■ **Assigned task**
Reproduce the records. Keep every word exact and include no images.

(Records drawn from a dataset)

▶

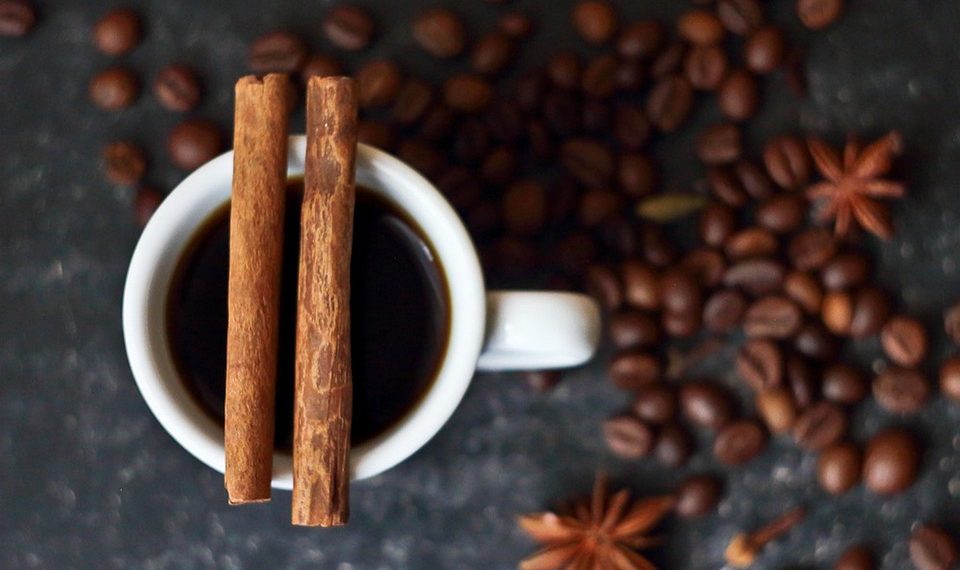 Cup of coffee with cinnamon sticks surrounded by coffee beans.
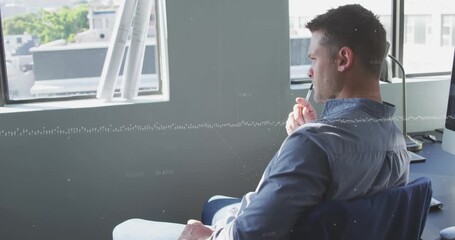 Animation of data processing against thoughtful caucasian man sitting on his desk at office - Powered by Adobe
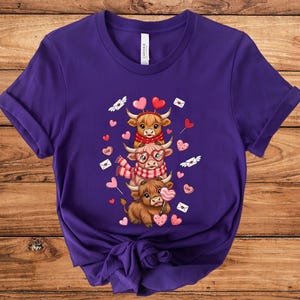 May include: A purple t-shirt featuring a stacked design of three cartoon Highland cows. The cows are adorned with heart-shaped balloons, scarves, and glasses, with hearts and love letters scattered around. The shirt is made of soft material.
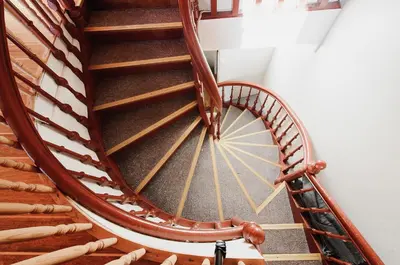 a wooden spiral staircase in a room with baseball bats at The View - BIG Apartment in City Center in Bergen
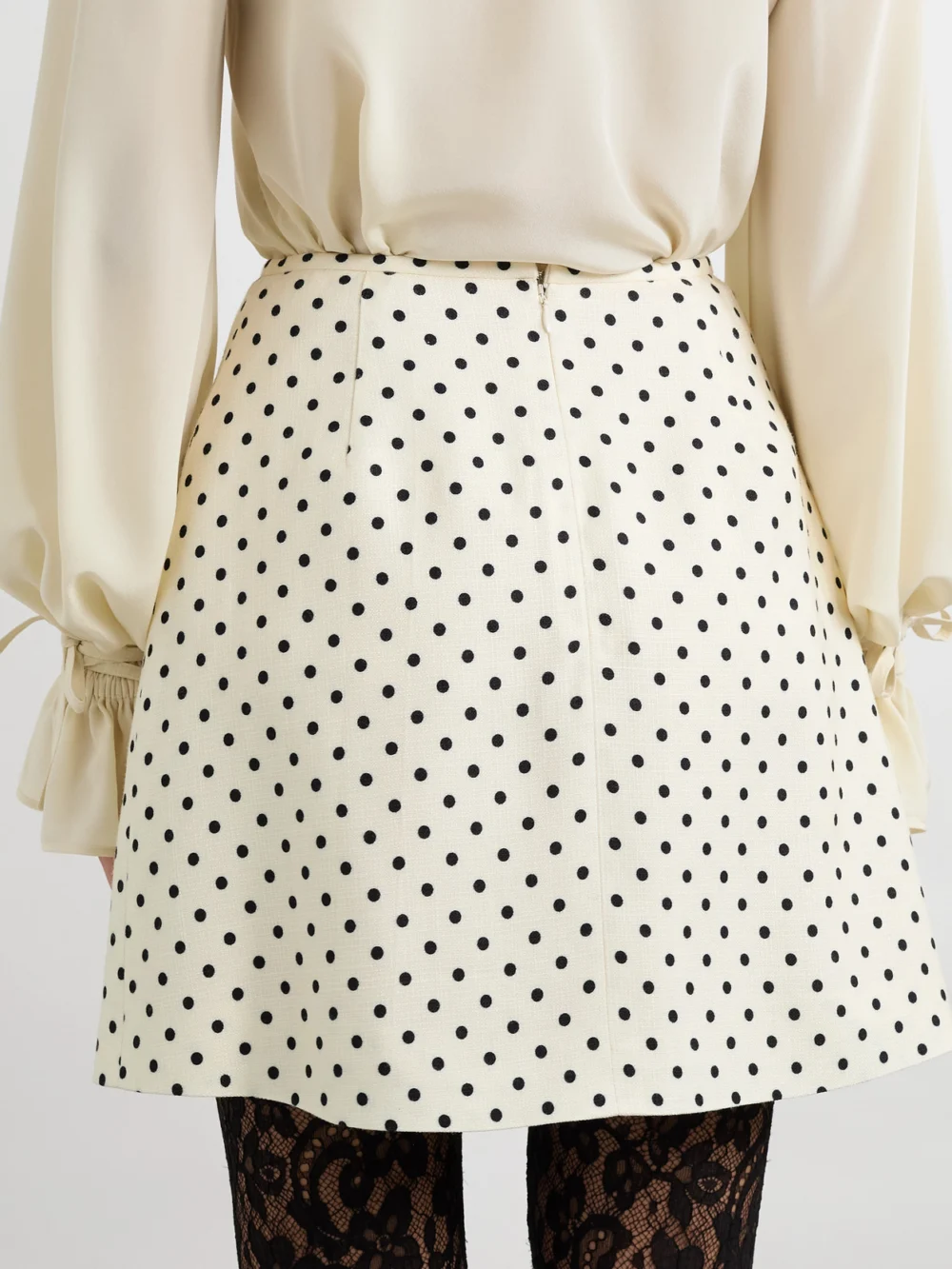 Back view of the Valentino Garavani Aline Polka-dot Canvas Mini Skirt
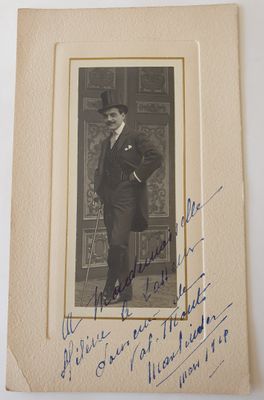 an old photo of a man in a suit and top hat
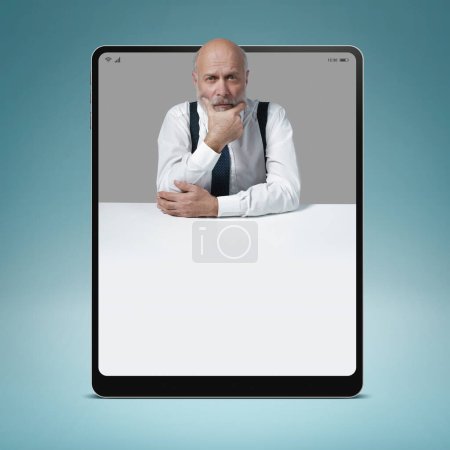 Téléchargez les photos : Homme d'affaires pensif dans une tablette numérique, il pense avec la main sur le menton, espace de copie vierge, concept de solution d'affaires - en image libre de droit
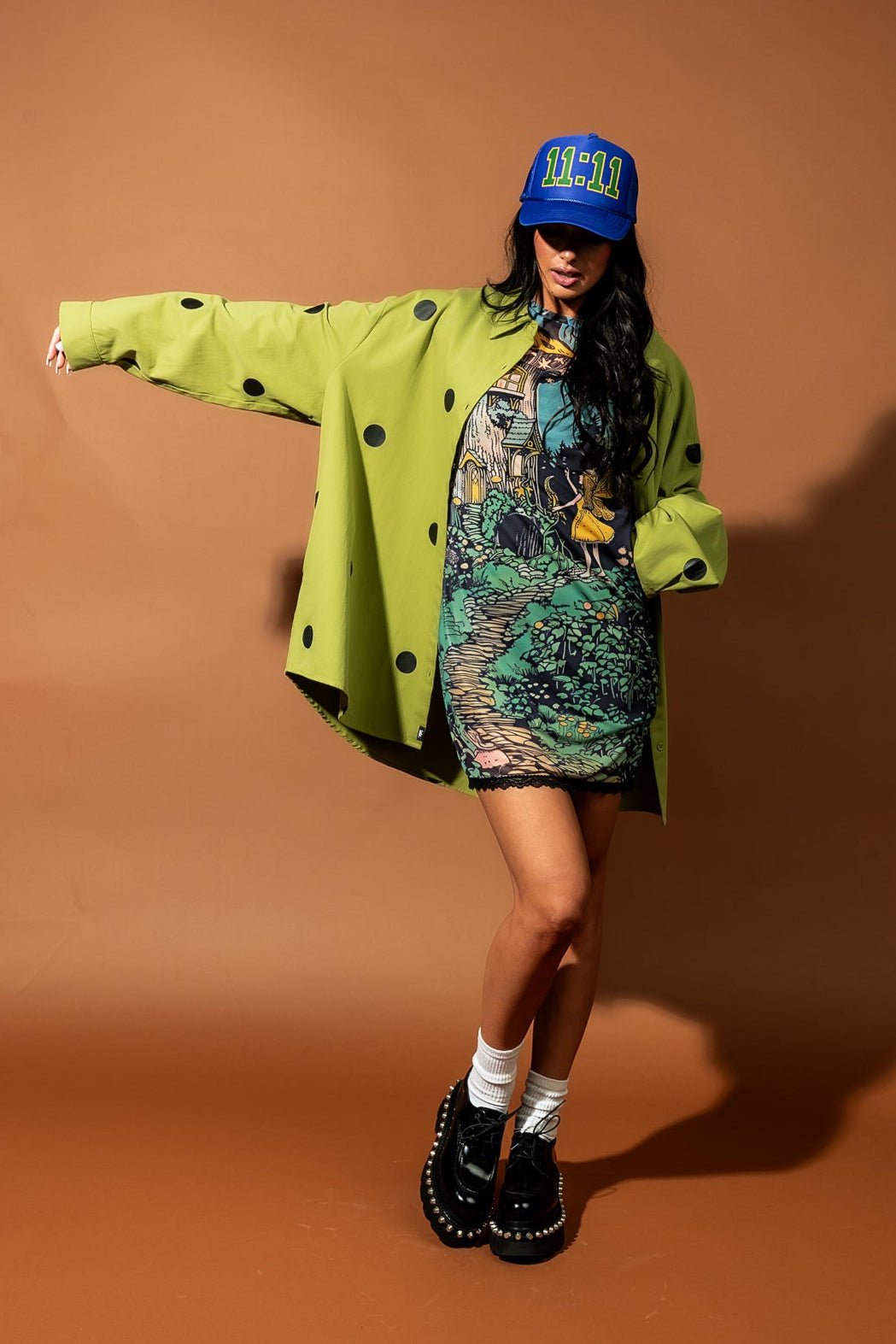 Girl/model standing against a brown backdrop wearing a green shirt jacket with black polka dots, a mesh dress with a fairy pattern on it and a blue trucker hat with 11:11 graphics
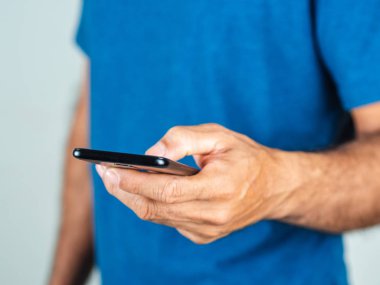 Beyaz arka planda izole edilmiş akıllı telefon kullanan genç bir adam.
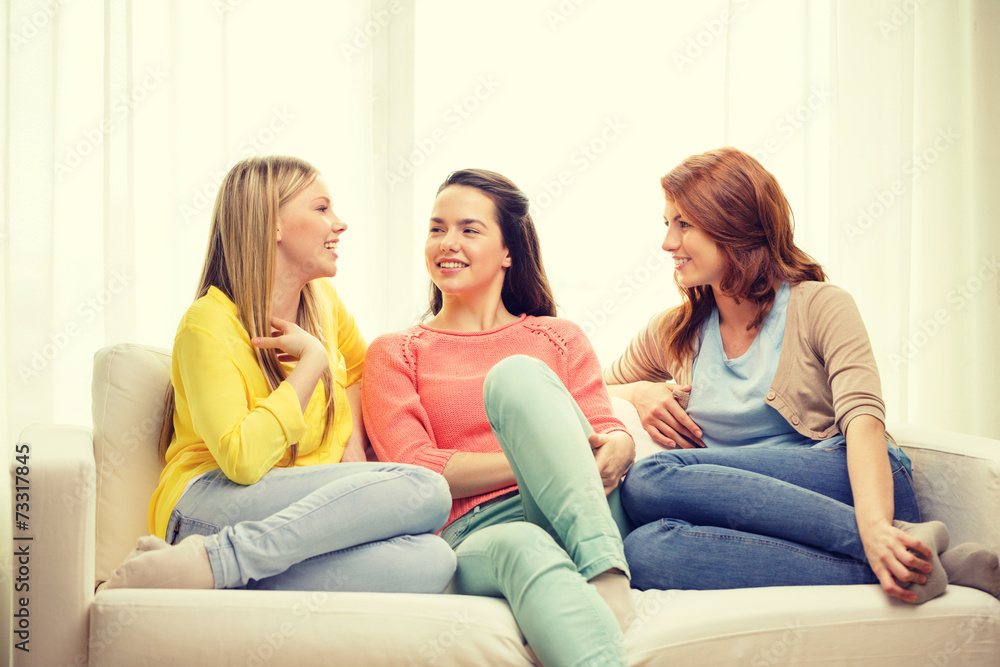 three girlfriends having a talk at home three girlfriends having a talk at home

◀

■ **Solution to this exercise**
 Cup of coffee with cinnamon sticks surrounded by coffee beans.
 Animation of data processing against thoughtful caucasian man sitting on his desk at office - Powered by Adobe
 May include: A purple t-shirt featuring a stacked design of three cartoon Highland cows. The cows are adorned with heart-shaped balloons, scarves, and glasses, with hearts and love letters scattered around. The shirt is made of soft material.
 a wooden spiral staircase in a room with baseball bats at The View - BIG Apartment in City Center in Bergen
 Back view of the Valentino Garavani Aline Polka-dot Canvas Mini Skirt
 an old photo of a man in a suit and top hat
 Téléchargez les photos : Homme d'affaires pensif dans une tablette numérique, il pense avec la main sur le menton, espace de copie vierge, concept de solution d'affaires - en image libre de droit
 Girl/model standing against a brown backdrop wearing a green shirt jacket with black polka dots, a mesh dress with a fairy pattern on it and a blue trucker hat with 11:11 graphics
 Beyaz arka planda izole edilmiş akıllı telefon kullanan genç bir adam.
 three girlfriends having a talk at home three girlfriends having a talk at home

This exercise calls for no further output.